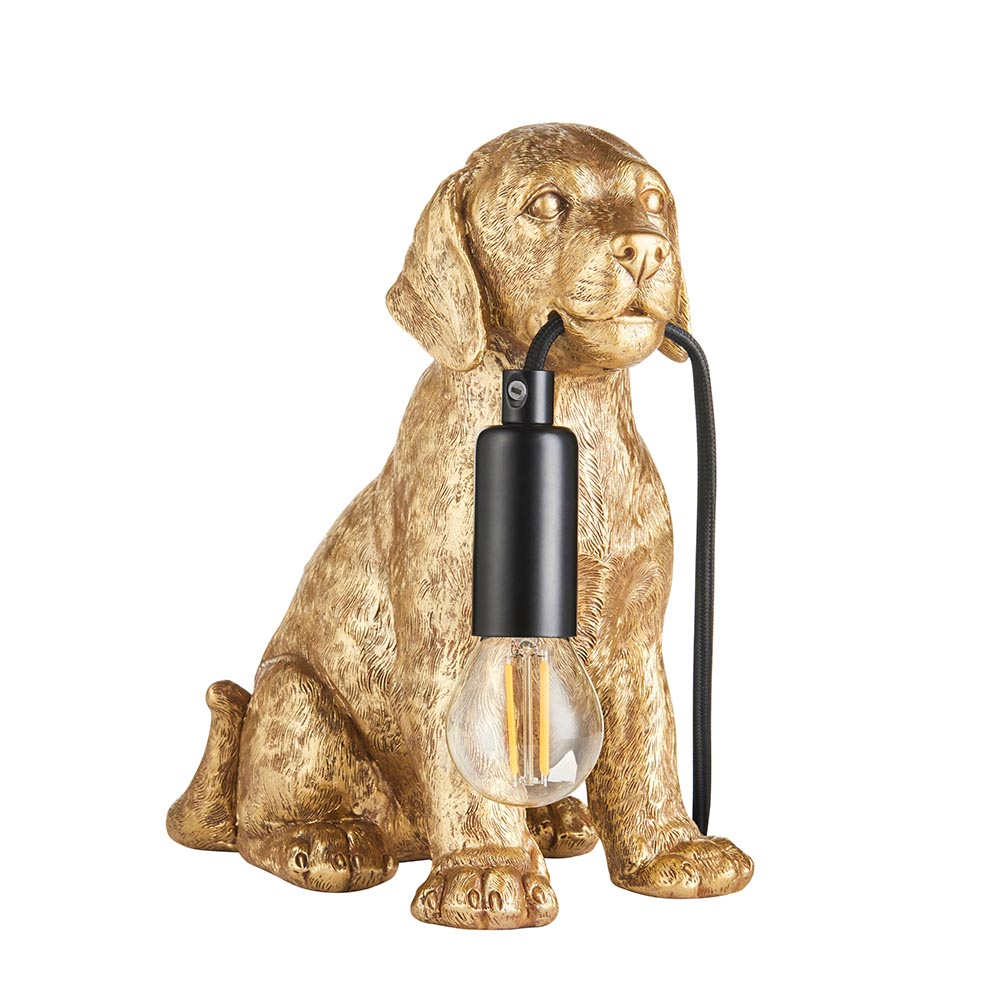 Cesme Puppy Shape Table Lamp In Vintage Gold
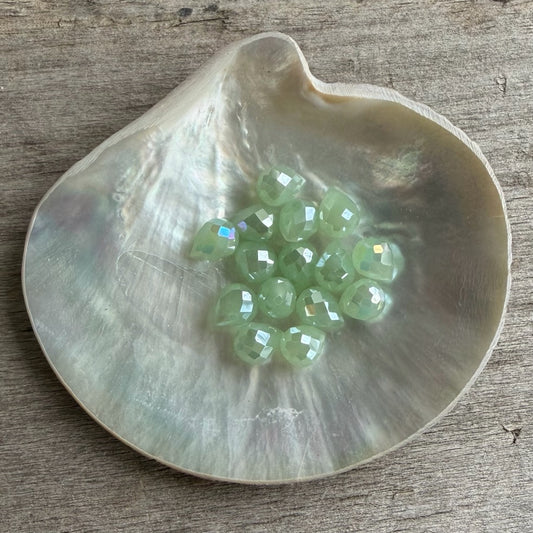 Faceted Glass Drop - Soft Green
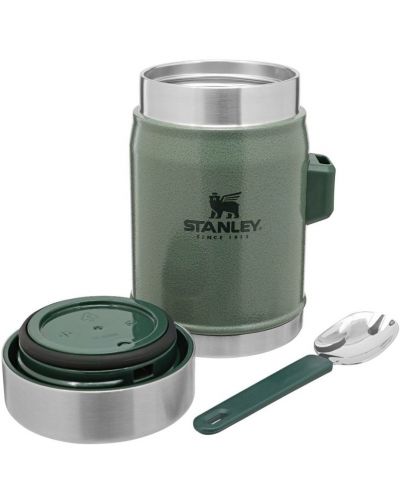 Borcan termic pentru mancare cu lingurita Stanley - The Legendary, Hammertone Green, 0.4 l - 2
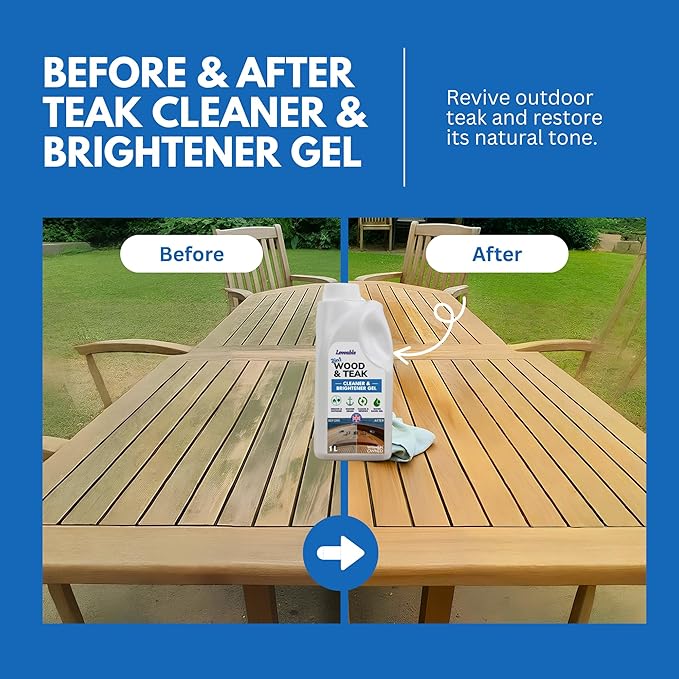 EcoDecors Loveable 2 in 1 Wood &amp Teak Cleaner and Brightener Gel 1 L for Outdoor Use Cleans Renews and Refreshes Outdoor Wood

# Exercise
In the copy, include no pictures; restate the listing above exactly.

# The completed task
 Cesme Puppy Shape Table Lamp In Vintage Gold
 Faceted Glass Drop - Soft Green
 Borcan termic pentru mancare cu lingurita Stanley - The Legendary, Hammertone Green, 0.4 l - 2
 EcoDecors Loveable 2 in 1 Wood &amp Teak Cleaner and Brightener Gel 1 L for Outdoor Use Cleans Renews and Refreshes Outdoor Wood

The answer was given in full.